◆ TASK REQUIREMENTS
Find all the lines in the entries below that hold the word "surface" and copy them.

•••••

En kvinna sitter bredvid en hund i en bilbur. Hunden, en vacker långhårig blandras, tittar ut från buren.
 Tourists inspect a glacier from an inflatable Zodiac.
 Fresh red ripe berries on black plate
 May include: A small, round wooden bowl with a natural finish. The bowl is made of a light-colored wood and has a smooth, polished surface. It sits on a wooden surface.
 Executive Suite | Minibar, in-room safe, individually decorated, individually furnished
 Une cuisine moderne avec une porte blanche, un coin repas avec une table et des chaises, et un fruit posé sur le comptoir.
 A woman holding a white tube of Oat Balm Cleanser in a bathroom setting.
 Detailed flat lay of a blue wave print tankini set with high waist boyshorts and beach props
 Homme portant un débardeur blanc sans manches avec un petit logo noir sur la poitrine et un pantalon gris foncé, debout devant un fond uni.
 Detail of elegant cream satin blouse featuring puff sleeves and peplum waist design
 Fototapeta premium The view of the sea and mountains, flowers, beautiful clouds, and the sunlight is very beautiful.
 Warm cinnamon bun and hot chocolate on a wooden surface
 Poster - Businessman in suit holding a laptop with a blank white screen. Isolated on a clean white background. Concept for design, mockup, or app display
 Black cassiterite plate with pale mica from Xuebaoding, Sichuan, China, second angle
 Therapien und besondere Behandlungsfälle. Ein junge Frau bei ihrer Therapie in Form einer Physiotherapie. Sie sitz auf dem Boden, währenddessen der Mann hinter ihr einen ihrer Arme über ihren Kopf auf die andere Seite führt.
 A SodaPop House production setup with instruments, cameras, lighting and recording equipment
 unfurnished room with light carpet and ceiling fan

•••••

◆ RESULT OF THE TASK
 May include: A small, round wooden bowl with a natural finish. The bowl is made of a light-colored wood and has a smooth, polished surface. It sits on a wooden surface.
 Warm cinnamon bun and hot chocolate on a wooden surface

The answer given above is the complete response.